This tour invites you to discover Sardinia's most celebrated prehistoric site, Su Nuraxi di Barumini, in the company of fellow travellers who share your passion for history, mystery and the profound silences that ancient places hold. Your expert English-speaking guide will accompany you from Cagliari through the rolling landscape of the Marmilla region — a landscape of amber fields, hills and ancient stones that seems to exist outside of ordinary time — sharing insights into the geology, history and human storey of this extraordinary corner of the island.
Su Nuraxi di Barumini has stood here since the second millennium BC. Its central tower, originally rising to over eighteen metres, was constructed from massive blocks of basalt fitted together without mortar, without metal tools, without any of the technologies we might assume necessary for such ambition. Around it, four secondary towers connected by a formidable curtain wall, and beyond them, the remains of a village that once housed an entire community — families, craftspeople, traders, elders — living their lives in the shadow of these extraordinary towers.

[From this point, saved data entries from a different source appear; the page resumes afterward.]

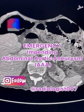Hi guys, today we are talking about an emergency condition: impending abdominal aortic aneurysm. We will see a CT of a patient having an impending aortic aneurysm. It is important to identify signs of impending rupture in a CT scan so that the clinical team can intervene in a timely manner. Before I show you the CT scan, I will quickly go through the main signs.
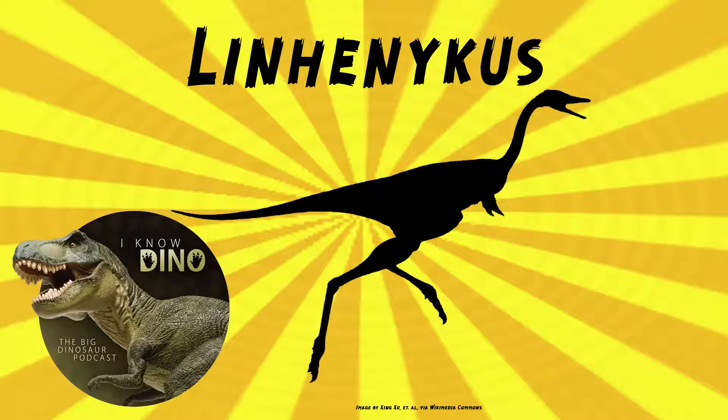So Linhanicus was described in 2011 by Xingxiu and others. They found a partial skeleton, including the forelimb, part of the pelvis, vertebral column, and nearly complete hind limbs. The type species is Linhanicus monodactylus. That genus name means Linhe-claw, referring to Linhe, the city near where the fossil was found. The species name means single finger.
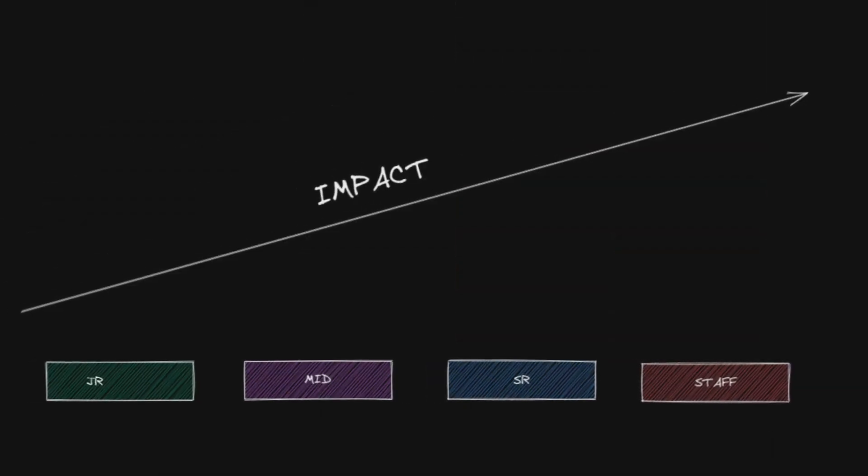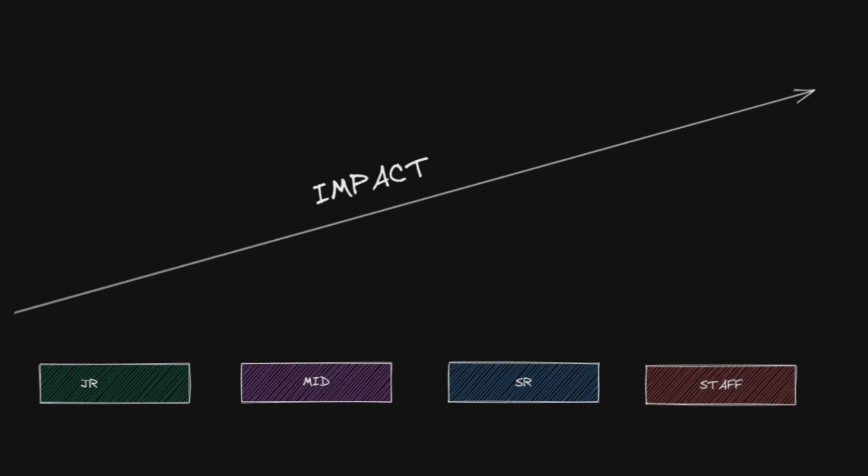So how do we obtain this amazing senior title? The answer is impact. The more senior you are, the more impact you should be making within your team and across the organization. From junior to senior, I would expect the senior to be making more impact locally within the team, but also organization-wide. So how do we make this impact? We're going to talk about it.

Your guide will recount the mysteries surrounding Su Nuraxi — the competing theories about its function, the social world of the Nuragic civilisation, their sophisticated metalwork and far-reaching Mediterranean trade networks, and the legends of the Giants of Sardinia, the mythical beings that later generations, unable to imagine mere humans constructing such monuments, believed must have raised these towers from the earth. There will be time for every question, and the intimate scale of the group ensures a conversation that can go as deep as your curiosity wishes to take it.
From Su Nuraxi, the tour continues to the nearby Casa Zapata — a 16th-century aristocratic manor house that conceals an even more extraordinary surprise. Beneath its floors, visible through a specially constructed glass walkway, lies an entire nuraghe — discovered during restoration works and preserved exactly as it was found, a prehistoric monument hidden beneath a Renaissance mansion for centuries without anyone knowing. The house also contains a beautifully curated archaeological museum with finds from the surrounding area, offering a final, intimate encounter with the people who built this landscape.